Seasonalized Time Series Regression Forecasting Details

 

1.                  Determine the order of seasonality (m) via inspection of the data, and via inspection of the time series plot.  In the case of this problem, it is four.

2.                  For each unique season, compute a seasonal index (SI), by dividing the average demand for each unique season by the average demand for all periods.  In the case of this problem, the four seasonal indices are 0.8228, 1.1089, 1.2581 and .8103.

3.                  The actual demand is then deseasonalized by dividing the actual demand by its seasonal index.

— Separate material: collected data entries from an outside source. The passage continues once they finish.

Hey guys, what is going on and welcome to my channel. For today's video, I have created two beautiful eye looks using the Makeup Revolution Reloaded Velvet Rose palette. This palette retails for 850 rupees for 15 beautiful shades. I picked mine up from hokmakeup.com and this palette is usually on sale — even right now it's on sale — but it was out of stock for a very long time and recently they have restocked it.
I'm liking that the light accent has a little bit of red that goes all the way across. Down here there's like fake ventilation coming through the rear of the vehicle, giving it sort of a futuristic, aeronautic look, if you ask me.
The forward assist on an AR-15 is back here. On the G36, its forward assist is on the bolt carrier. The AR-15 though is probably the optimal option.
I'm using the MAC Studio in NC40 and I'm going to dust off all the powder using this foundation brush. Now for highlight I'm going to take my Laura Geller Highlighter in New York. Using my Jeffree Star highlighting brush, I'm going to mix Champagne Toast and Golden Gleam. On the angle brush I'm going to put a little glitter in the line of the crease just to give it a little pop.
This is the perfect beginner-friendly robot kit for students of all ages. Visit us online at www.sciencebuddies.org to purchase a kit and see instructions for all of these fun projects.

4.                  The above step filters out seasonality and isolates the trend.  In this case, it is noticed that the trend is nonlinear.

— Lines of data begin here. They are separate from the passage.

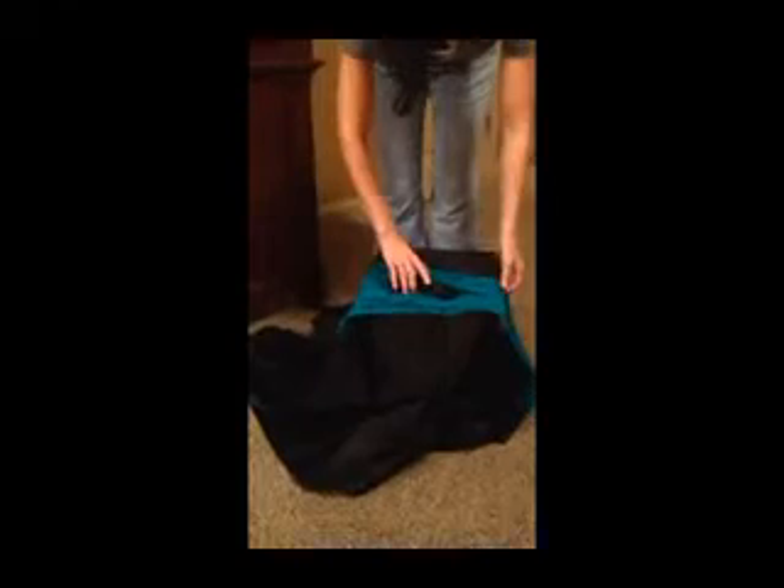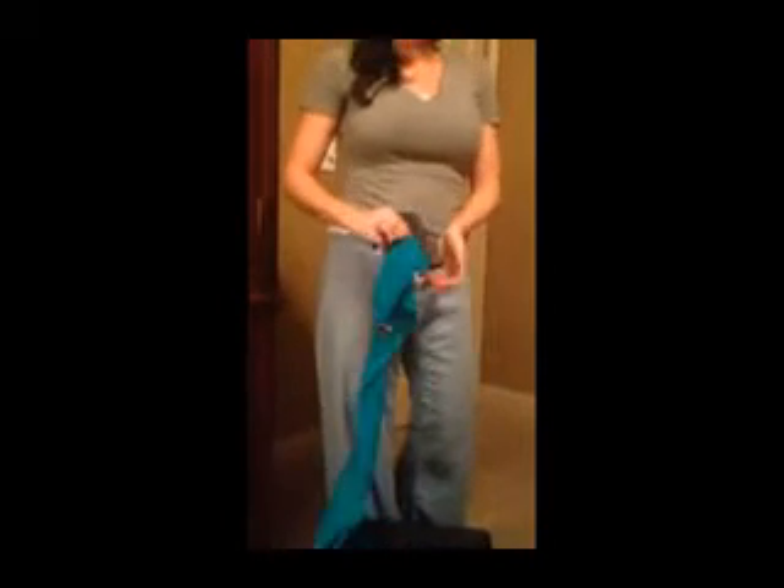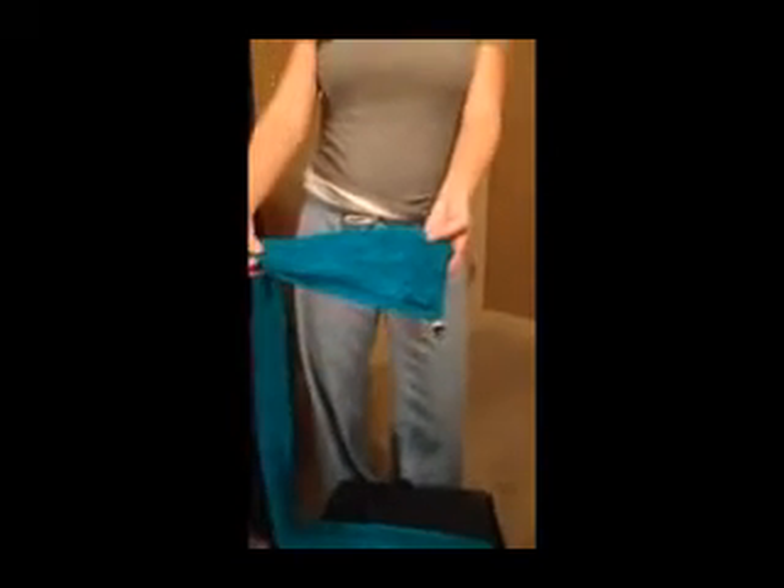No matter where you wear the holster, the way you put it on is the same. I'm going to demonstrate on my hips. For demonstration purposes, I'm going to do this outside of the clothes. This is my .380 — it can be completely concealed in the pocket, just like you did before.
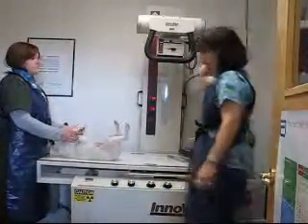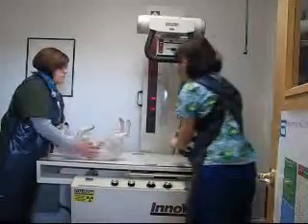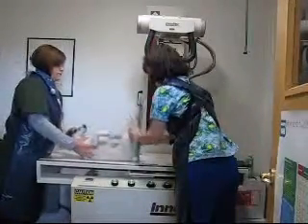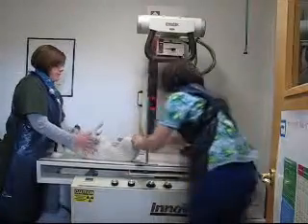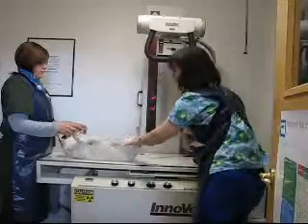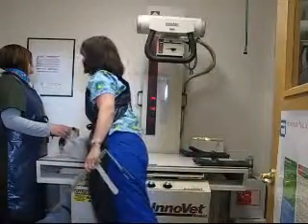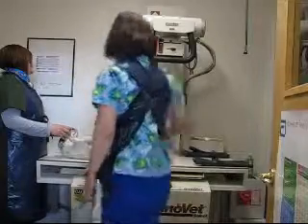We're going to position Miss Little Sexy Lexi for hip x-rays. What I'll do is measure her — she's measuring right at 11. Looking up there, it comes down to be 15 for the pelvis and 62.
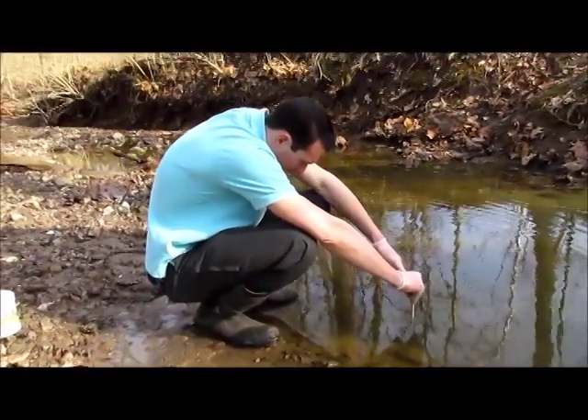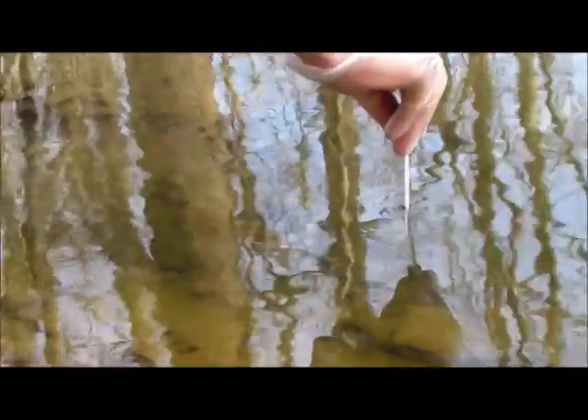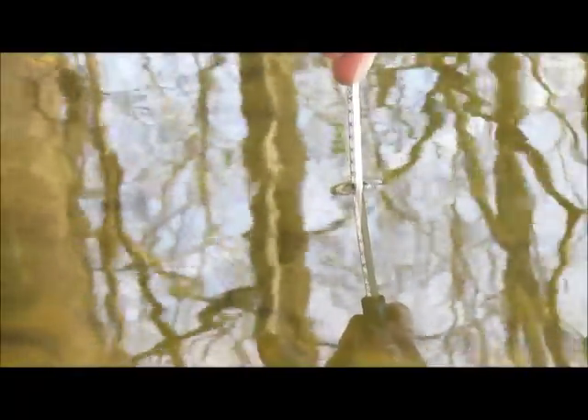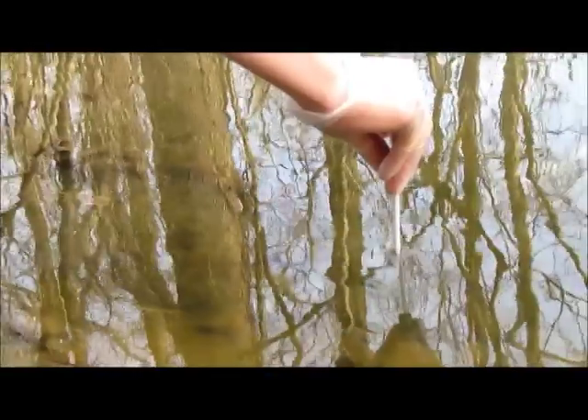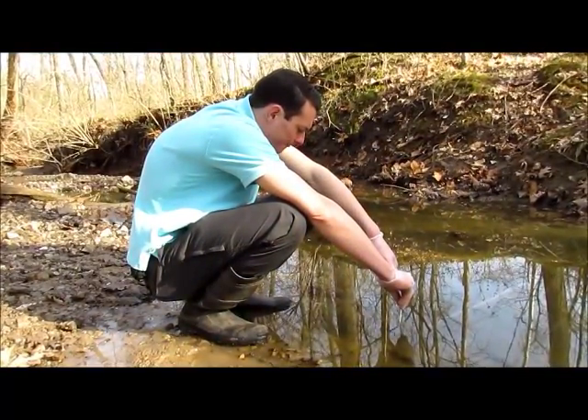You take the alcohol thermometer and hold it near the top so you're not warming the alcohol inside of it, then you hold it down into the stream. You want to dip it about four inches into the stream, make sure it's not touching the bottom. Also hold it in a shaded spot so you're not in direct sunlight if possible.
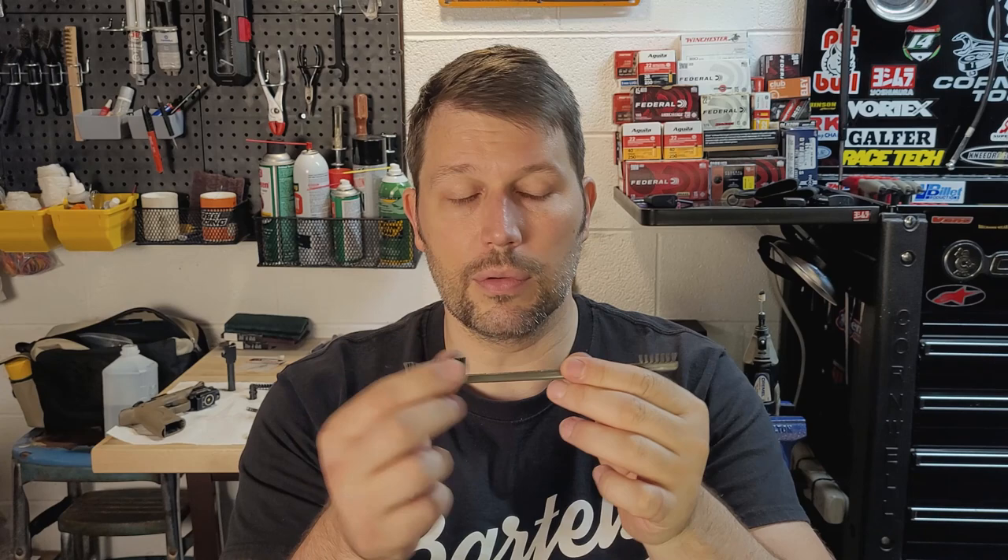First things first, what are the tools I use? A brass brush — you can get these anywhere. A nylon gun cleaning brush with small bristles and large bristles — available at Walmart, Dick's Sporting Goods, Academy, any of those places. Gun cleaning-specific Q-tips, which I use a lot. I'll dip them in a little isopropyl alcohol and clean out any hard-to-reach places. These are really good.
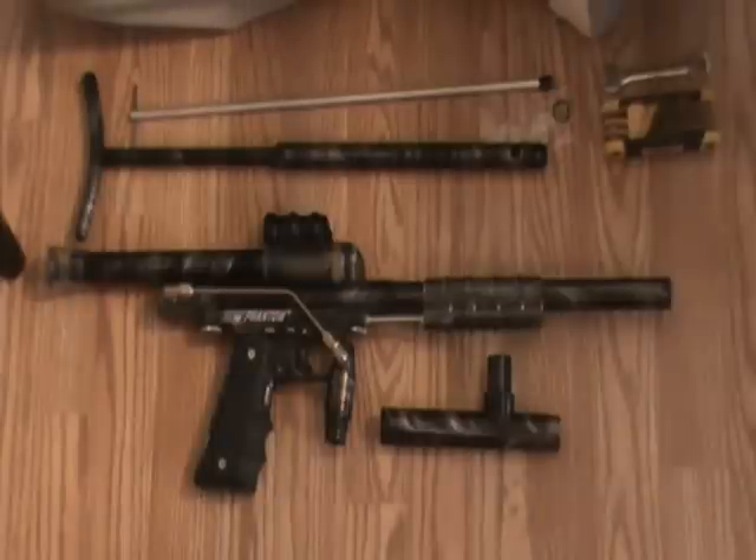Well, I'm here to tell you that this particular kind of paintball gun I played with from 1983 through 1991.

5.                  Given the nonlinear trend, a quadratic model is chosen to describe the change in deseasonalized demand over time.  i” is used to note the period, while “Yi” is used to describe deseasonalized demand for period i.  As such, the following model is used for estimation of the deseasonalized, nonlinear trend:  Yi = a + bi + ci2.  Regression is used to find parameter values for a, b and c.  The parameter values are then used to “fit” the trend for the given data set.  For this problem, a = 995.56, b = 0.9768 and c = 0.3698.

6.                  Now that the trend component has been captured, it can be combined with the seasonal component to “fit” the estimated time series.  Multiplying the trend component computed directly above by the seasonal index for the appropriate period accomplishes this.

7.                  “Fits” have been computed.  Forecasts are made by extending the “fits” into the future.